Start of Block

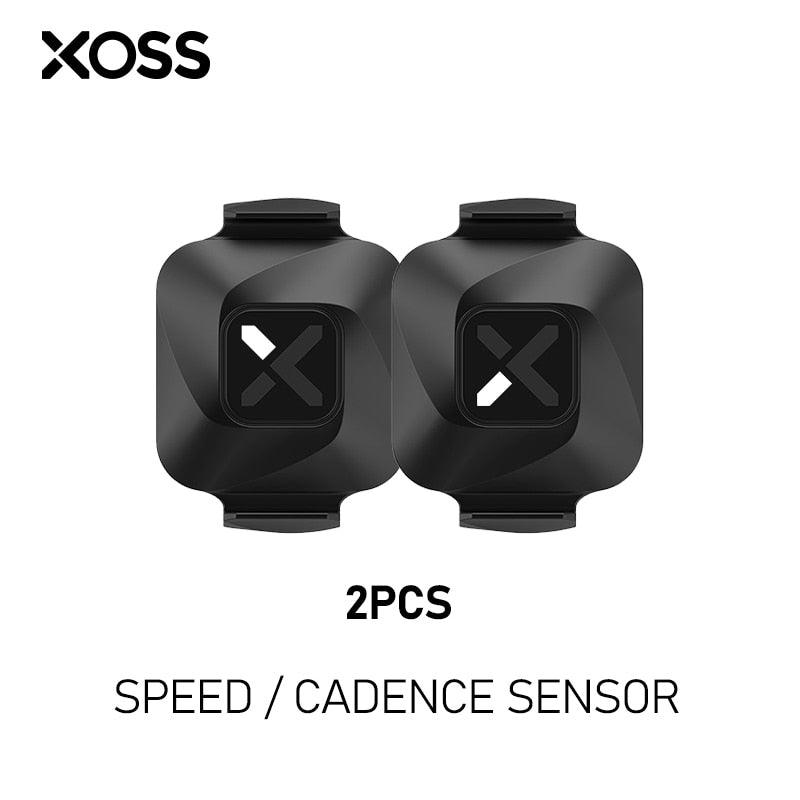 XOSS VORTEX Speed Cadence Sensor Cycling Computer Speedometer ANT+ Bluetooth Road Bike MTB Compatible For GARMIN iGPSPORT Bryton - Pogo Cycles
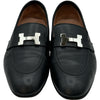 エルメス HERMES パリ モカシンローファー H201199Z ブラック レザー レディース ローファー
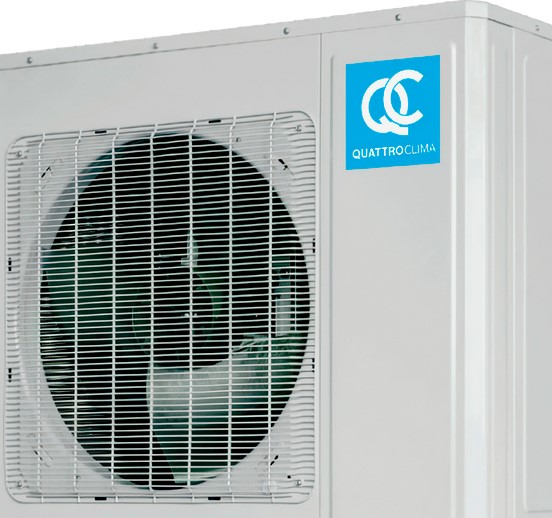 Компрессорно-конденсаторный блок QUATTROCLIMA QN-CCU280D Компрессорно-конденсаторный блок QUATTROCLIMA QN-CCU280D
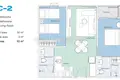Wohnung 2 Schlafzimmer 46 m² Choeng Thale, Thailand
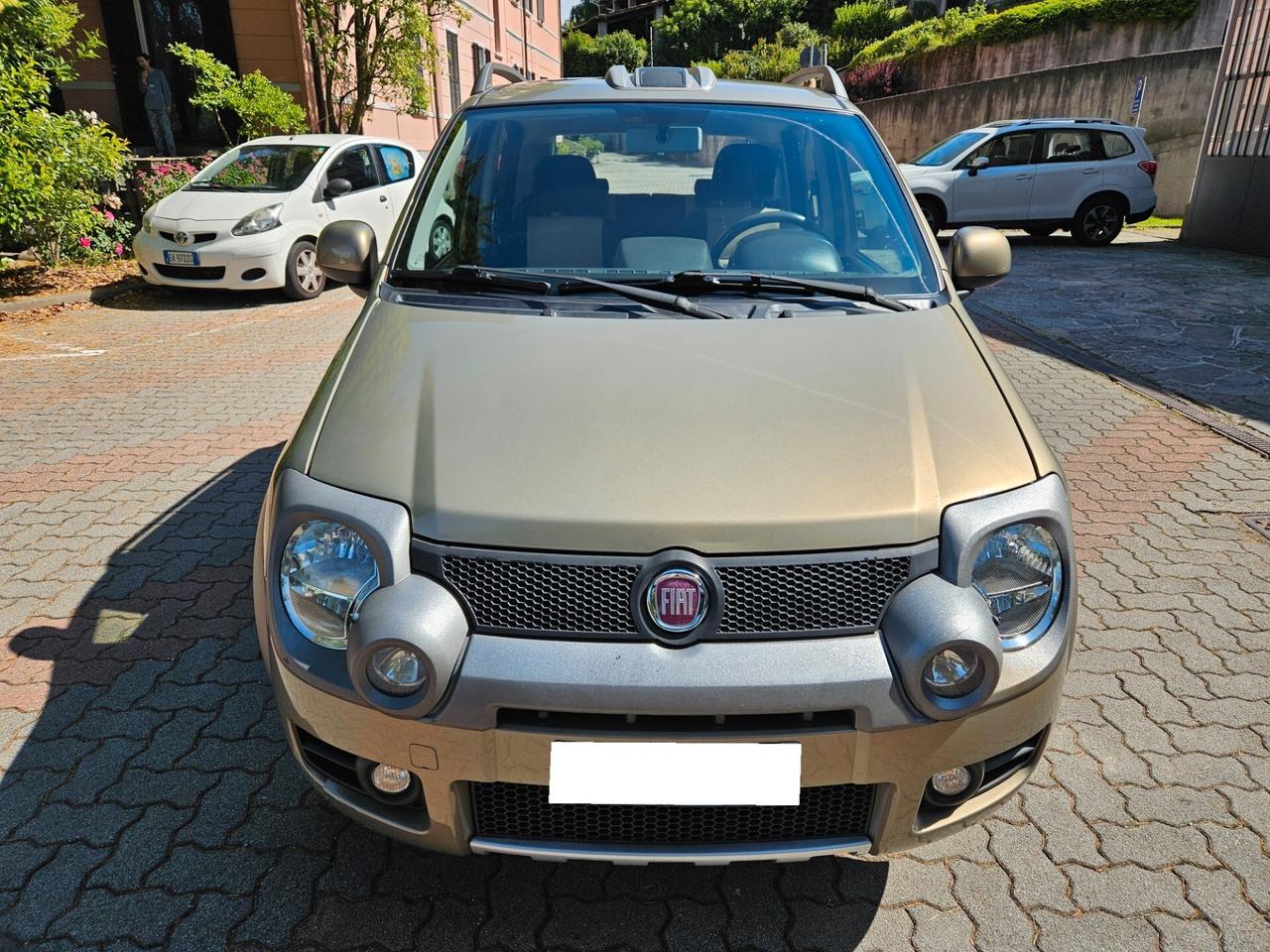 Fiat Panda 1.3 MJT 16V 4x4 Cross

End of Block

YOUR TASK: Print the listing again exactly, please. Keep the pictures out of it.

SOLUTION BELOW:
 XOSS VORTEX Speed Cadence Sensor Cycling Computer Speedometer ANT+ Bluetooth Road Bike MTB Compatible For GARMIN iGPSPORT Bryton - Pogo Cycles
 エルメス HERMES パリ モカシンローファー H201199Z ブラック レザー レディース ローファー
 Компрессорно-конденсаторный блок QUATTROCLIMA QN-CCU280D Компрессорно-конденсаторный блок QUATTROCLIMA QN-CCU280D
Wohnung 2 Schlafzimmer 46 m² Choeng Thale, Thailand
 Fiat Panda 1.3 MJT 16V 4x4 Cross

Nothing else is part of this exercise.